Gardening Tip #1: Insulate tomatoes with plastic wrap

   Tomatoes thrive in stagnant, hot weather. Unfortunately, our weather here is neither. It’s a cool and windy 68 degrees year-round, so it takes extra effort to make warm weather plants produce fruit.

Wrapping the bottom two rungs of the tomato cage with plastic wrap simulates a greenhouse. The heat is trapped inside the plastic wrap and the plants are blocked from the wind. By the time the plants reach the top of the plastic wrap, they’re strong plants and well adjusted to the temperatures and wind!

How To Do It:

       Have a small helper hold the end of the plastic wrap onto a vertical stake with two hands. Wrap the plastic wrap around one full time, and then continue wrapping around as you work your way down or up the cage (we started at the top and worked down). Be sure to wrap at least two layers to get the full effect and make the plastic wrap stick to itself. I used the plastic wrap I had in the kitchen, but you might want to consider a 20″ heavy duty plastic wrap if you have several plants to wrap.

Gardening Tip #2: Insulate smaller plants with milk jugs

It’s the same concept as the tomatoes, but we’re using it on bell peppers in our $15 raised garden bed. Bell peppers also need warmer weather, but we’re hoping that insulating them with the milk jugs gives them a fighting chance through our cooler springs so maybe, just maybe, they might bear fruit come summer!

How To Do It:  

       Using a pair of scissors, cut off the top and bottom of a used milk jug. Rinse it out well and place it over/around the plant. Be sure to pack a little bit of dirt against the outside edges of the milk jug so that it doesn’t easily knock over when the wind blows.

Gardening Tip #3: Catch pincher bugs with oil

Also known as earwigs, pincher bugs like to eat the leaves of the plants. Specifically, they’re eating our zucchini plants. They are hungry, vicious little bugs and you have to act fast if you want your plants to survive (trust me, I’ve already lost one!).

We tried the newspaper trick, where you roll up newspaper, get it slightly damp and place it in the garden bed. Then bright and early the next morning you remove the newspaper and dispose of the bugs. Apparently “bright and early” is much earlier than we wake up, so there wasn’t ever any bugs inside.

Then we tried to lure them and drown them with oil. And it totally worked! Our three remaining zucchini plants are doing much better and now stand a chance to meet the goal of one zucchini for the year!

How To Do It:

     You’ll need an old plastic container with a lid (think yogurt, sour cream or cottage cheese). Using a pair of scissors, cut a oval-shaped hole about 1″ from the top of the container. Repeat this so that there are 4-5 holes in the container. Bury the container in the garden so that the holes are ground level. Fill the container with 3 parts cheap cooking oil to 1 part soy sauce. The bugs will be lured in by the soy sauce and will drown and get stuck in oil. (To help gauge, we used about 3/4 cup oil and 1/4 cup soy sauce for a 32 oz yogurt container.)

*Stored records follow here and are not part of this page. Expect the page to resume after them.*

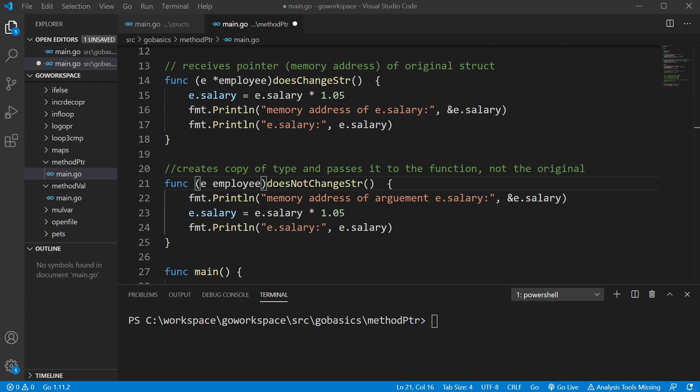All right, welcome back. We're going to take another look at methods. More particularly, we're going to look at methods where the receiver is a pointer.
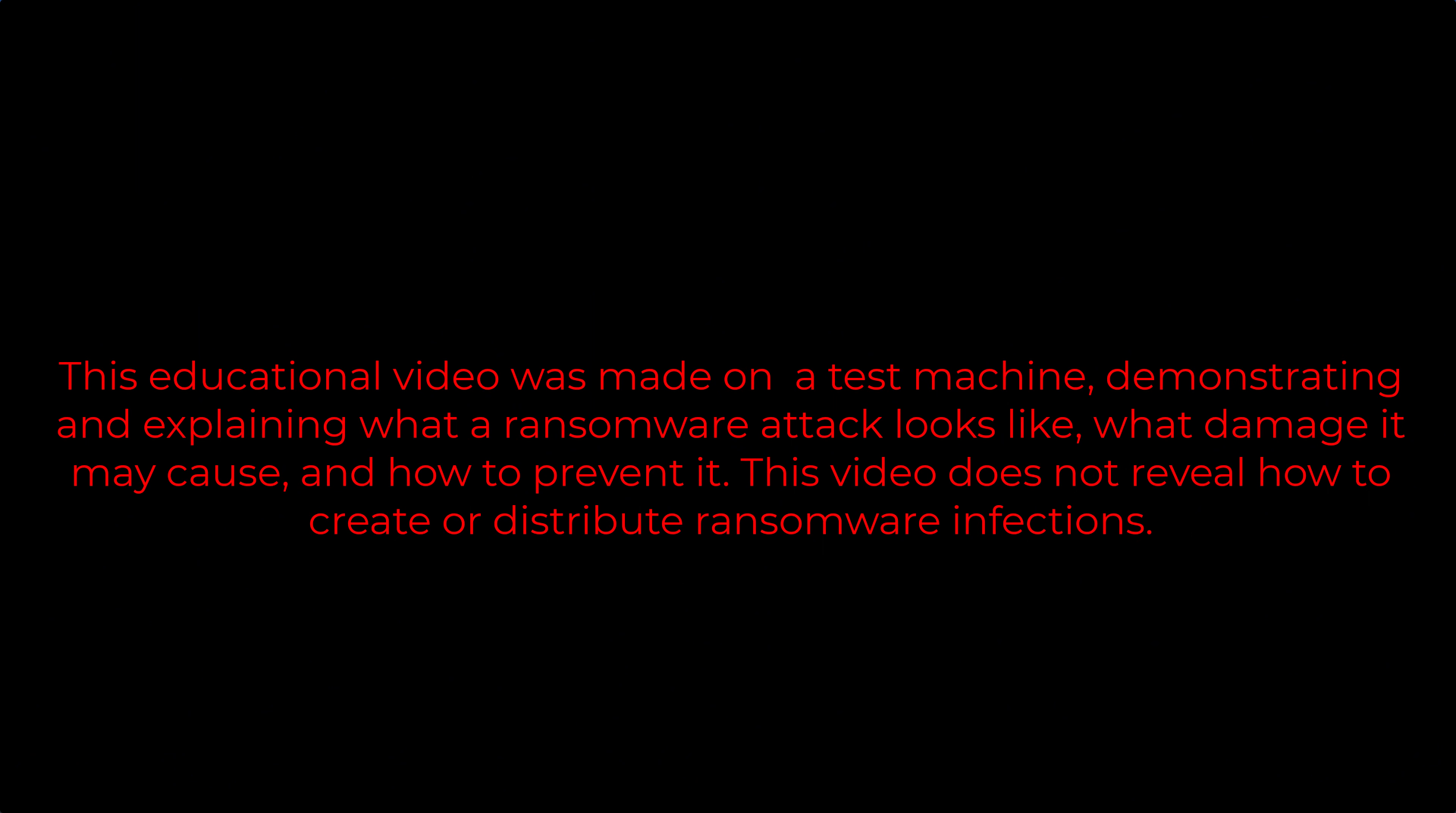This educational video was made on a test machine, demonstrating and explaining what a ransomware attack looks like, what damage it may cause, and how to prevent it. This video does not reveal how to create or distribute ransomware infections.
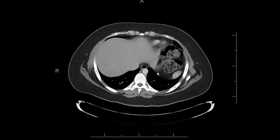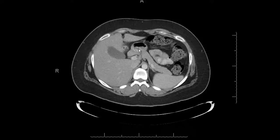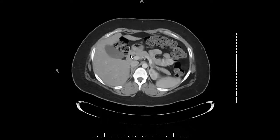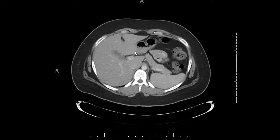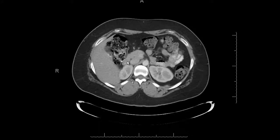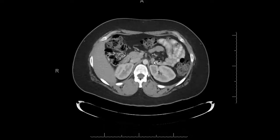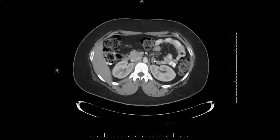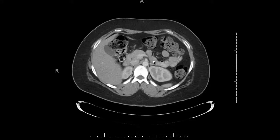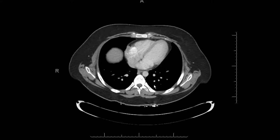Then I do the GI tract, starting at the GE junction and looking at the fundus, body, antrum, and pylorus, then into the duodenum. I trace the first, second, and third portions of the duodenum as it crosses underneath the SMA — a good way to find the third portion if you get lost is to find the SMA and look underneath it. Then the fourth portion, where it turns into other bowel loops at the ligament of Treitz.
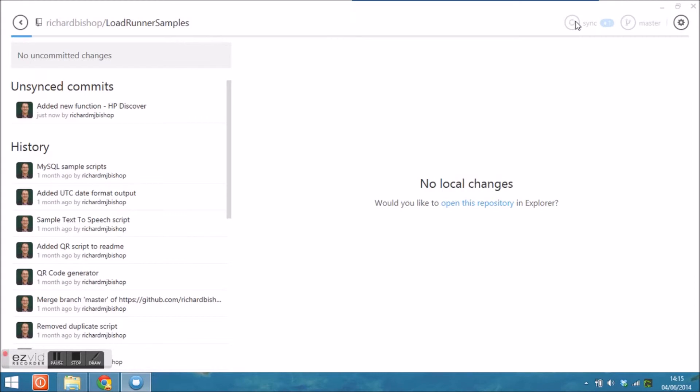You then need to click sync to synchronize that to the web-based repository so that other people can share your script.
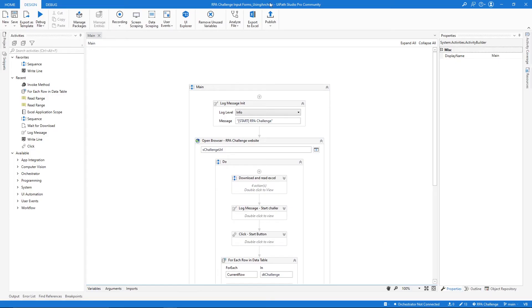As you can see, we successfully cloned the Git repository in UiPath. So I hope you like this video. Don't forget to leave a like and subscribe to the channel so you don't miss any more videos about RPA. Bye bye!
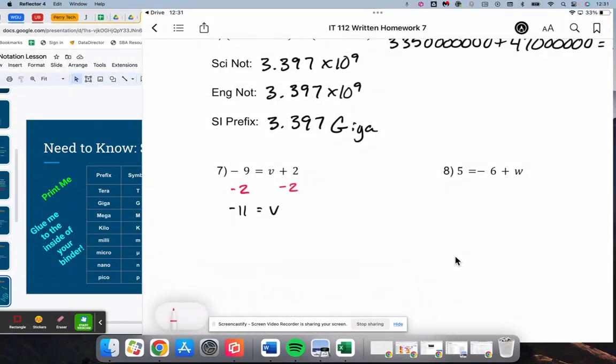Solving this equation, we want to isolate the variable. We have a negative 6 with a w on the right, so we are going to add 6 to both sides.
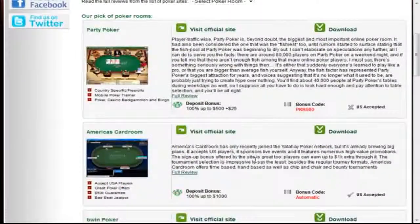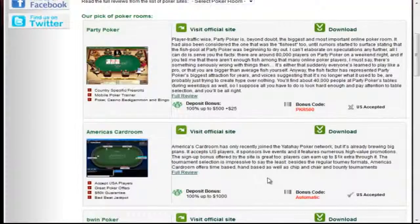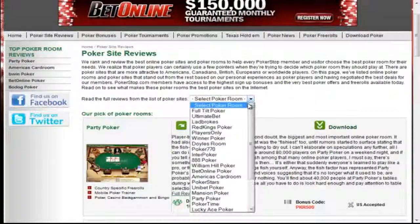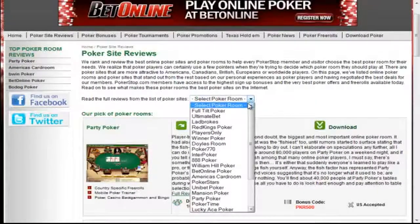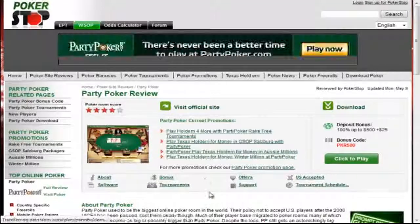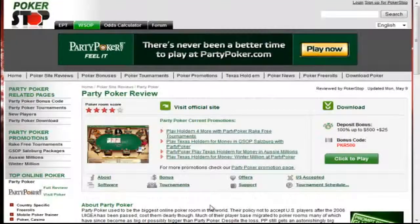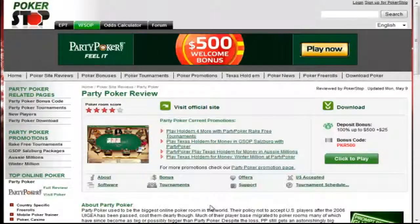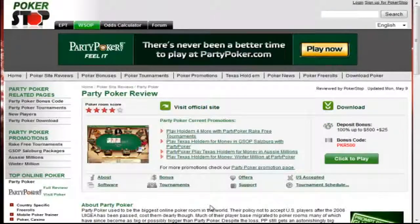If at any time you want to actually read more about the site, then you just go ahead and click the full review link. Alternatively, we actually have a quick filter here, where you can just go ahead and choose the poker site that you want to read about. So we'll actually go ahead and take a look here at Party Poker. Each review will share all the details you need to know about the room, including the software, the bonuses, tournaments, support, whether or not US players are accepted or not, as well as their tournament schedule.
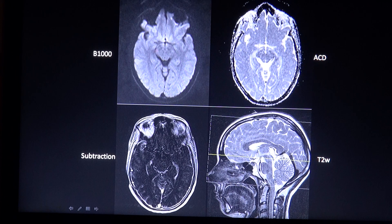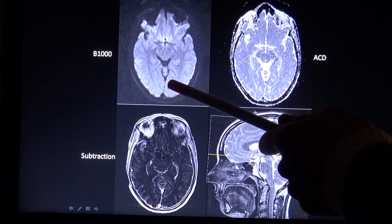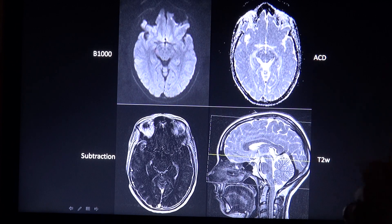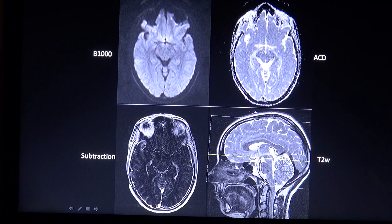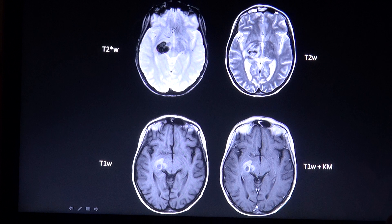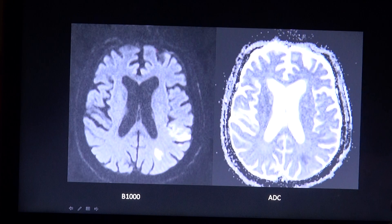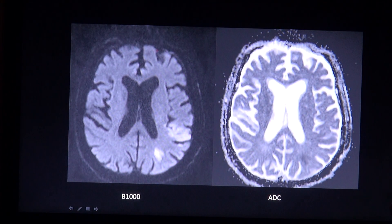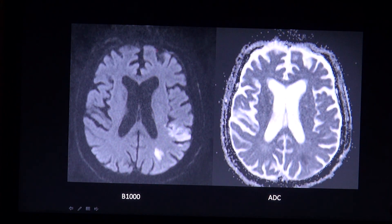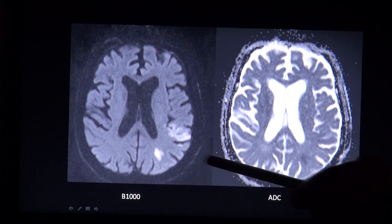Areas with restricted pathologic diffusion are bright on the B1000 image and dark on the ADC map, which is seen in cytotoxic edema. This is why the sequence is most important to look at in the clinical scenario of suspecting a stroke, where the ischemic brain tissue appears bright compared to the healthy brain, as seen here.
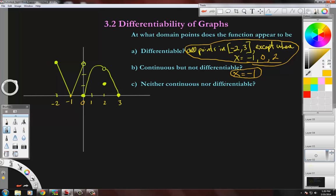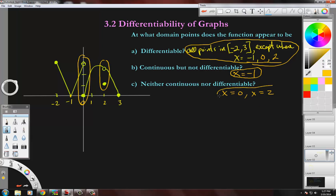Finally, Part C: where on the domain does the function appear to be neither continuous nor differentiable? That would be x equals zero and x equals two. It's kind of like these three points account for all possibilities: continuous but not differentiable covers negative one, and neither continuous nor differentiable covers zero and two. So it accounts for all of them. That's it — have a good one.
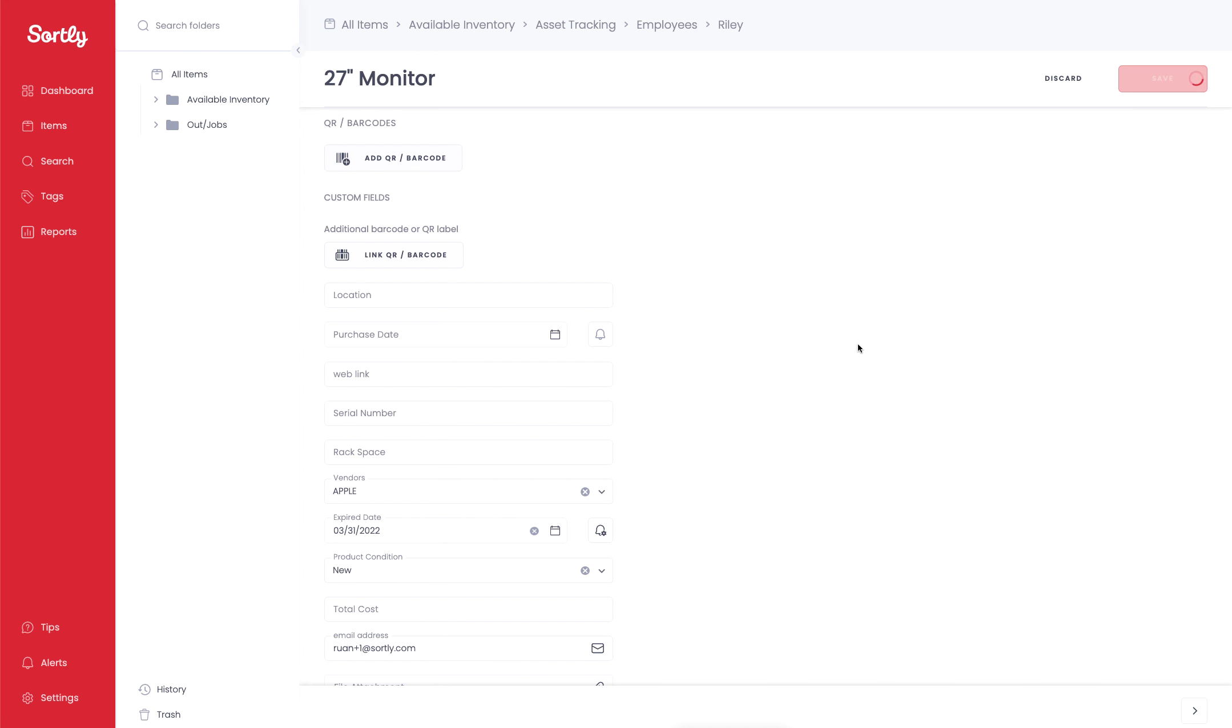With that being said, that's a high level overview of how to set up checking out inventory to a specific individual or job site. Thanks again.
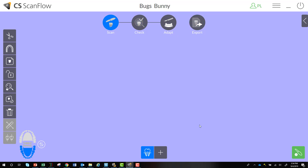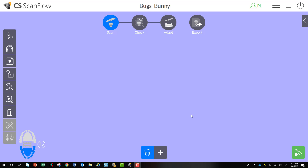Every scan you take is going to start out with a common scan. You can choose additional workflow options like pre and post, scan body, or impression scan after the fact. Every scan starts with your common scan, as you can see down below. If you want to change your workflow from a normal restorative case to a pre and post or a scan body case, you select the little plus symbol.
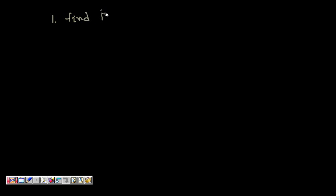Let's solve a few questions on even and odd functions. You have to identify which function is even, which is odd, and note that functions can be neither even nor odd.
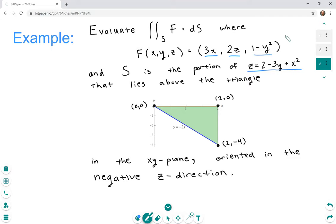The triangle is bounded by the function y = -2x. If you were given this problem on a quiz or test, they likely wouldn't give you the picture — they'd just say the triangle with vertices (0,0), (2,0), and (2,-4), and you'd have to come up with the picture on your own. That's not a very tough problem. We're starting with the triangle given here to keep the video shorter. This triangle is in the xy-plane, and we want the surface oriented in the negative z direction.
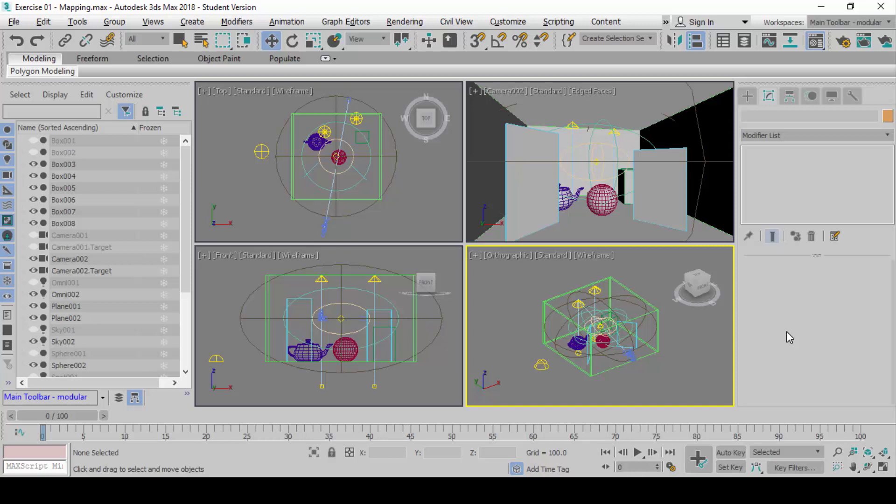When you open up the exercise file, you should see something that looks like this. Let's just imagine this is your interior setting that you have set up and done already.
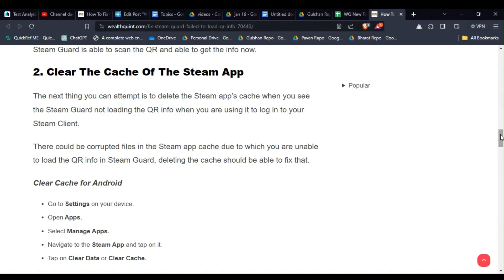There could be a corrupted file in the Steam app cache due to which you are unable to load the QR info in Steam Guard. Deleting the cache should be able to fix that.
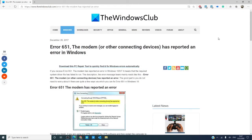Hello Windows Universe, in this video we will look at steps that you can take if you encounter the error 651, the modem or other connecting devices has reported an error in Windows.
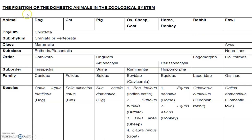So this is the position of the domestic animals in the zoological system. Kingdom Animalia, and the next is the phylum Chordata, that is having notochord. Next is the subphylum Craniata, or vertebrates.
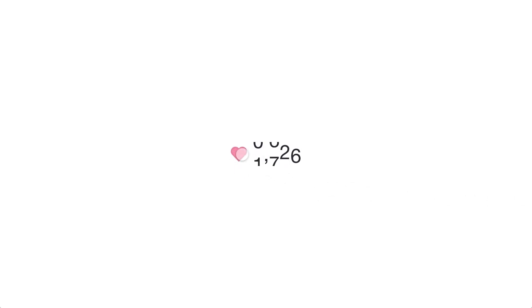We're going to be creating a number counter that's going to count up and then count back down using auto animate. This is something I've showed in another tutorial, but I wanted to make this its own separate video in under two minutes to show you how it's done.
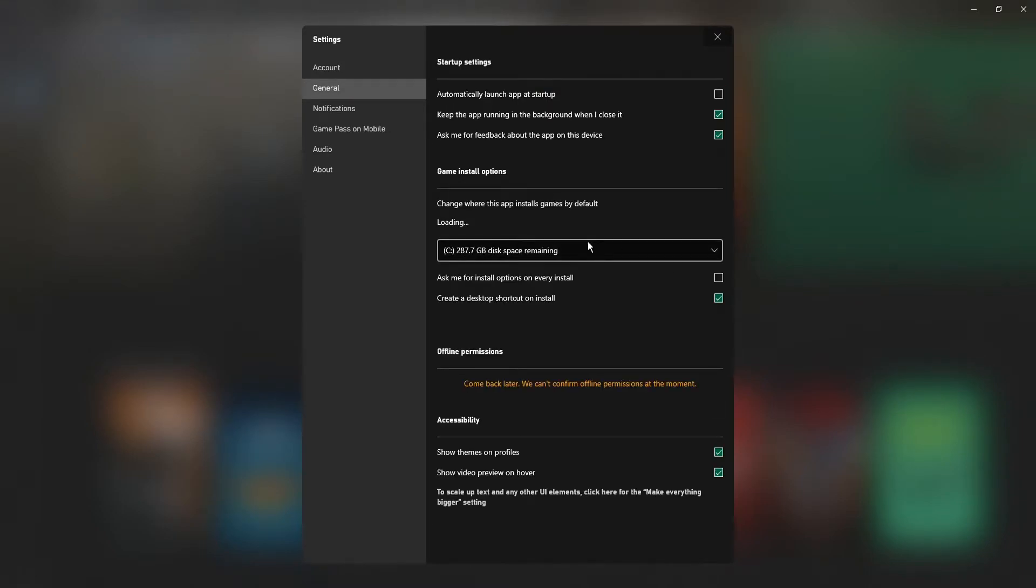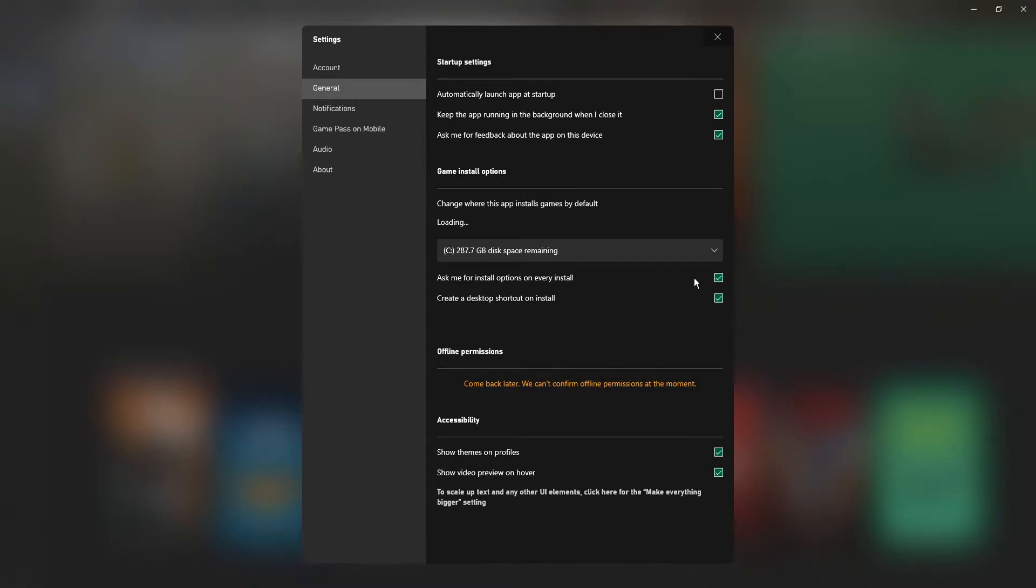And if you go down to where it says ask me for install options on every install you need to just tick the box so that now every time you go to install the game it will come up with a pop-up and allow you to choose where you want to install a game.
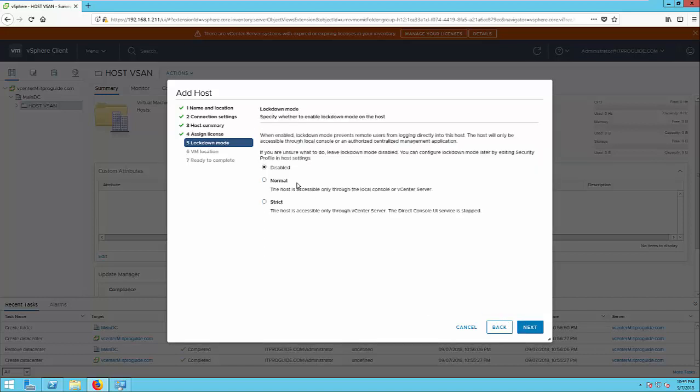Here, you have an option to enable or disable the lockdown mode. This will add security and you can add it later also.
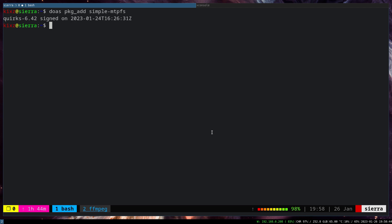Now we can actually get the list of the MTP devices. So doas SimpleMTPFS -L. And as you can see, it has detected my phone, Samsung Galaxy.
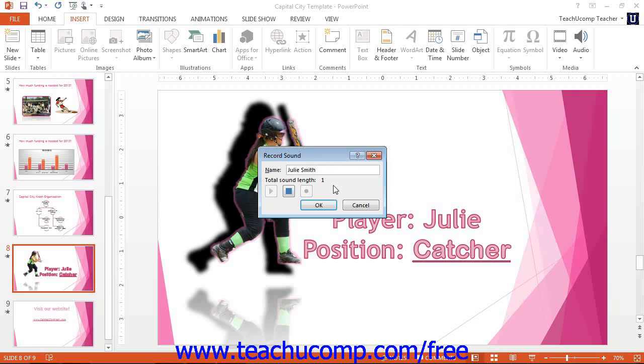This is Julie Smith. She plays the position of catcher for Capital City Crash. Then click the blue square to stop recording.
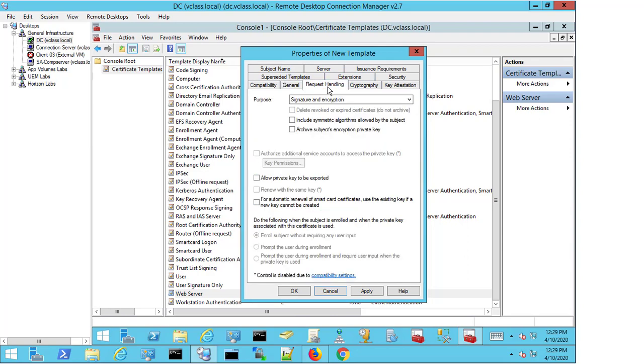For the request handling, there's one very important setting that needs to be enabled here, and that is 'Allow private key to be exported.' If the private key isn't set to be exported, your certificate will not work. The private key is required when we're opening up connections; it's used in the Java wrappers. If it's not available to be exported, it's just not going to work for you, so this is a requirement that has to be enabled.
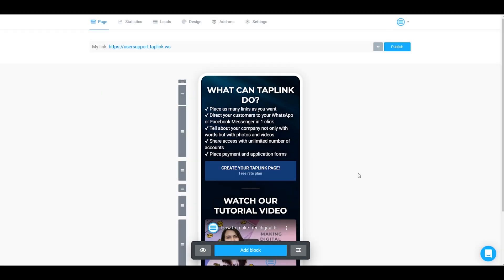Hi guys, it's TapLink team here and in today's video we'd like to show you how you can share access to your TapLink account with someone else.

Gardening Tip #4: Deter other bugs with cayenne pepper spray

While the homemade earwig traps are working well, there are still some bugs in the garden that are chomping on leaves (ants?). While the damage isn’t too bad, we’re taking precautionary measures and keeping them away with sticky cayenne pepper spray!

How To Do It:

 Combine 1 tsp of cayenne pepper with 1 cup of hot water. Stir to dissolve the cayenne as much as possible. Pour into a spray bottle and add about 1 tsp of liquid dish soap. Fill the bottle with water and swish gently to combine (don’t shake otherwise you’ll just make a lot of bubbles). Spray directly onto the leaves of the affected plants. Reapply every 2-3 days, or after watering, or as needed. I recommend getting durable spray bottles that you dedicate just for the garden and keep outside so they’re there when you need them. Otherwise it can be a pain walking back and forth from the garden to the house / garage / shed every time you see a bug.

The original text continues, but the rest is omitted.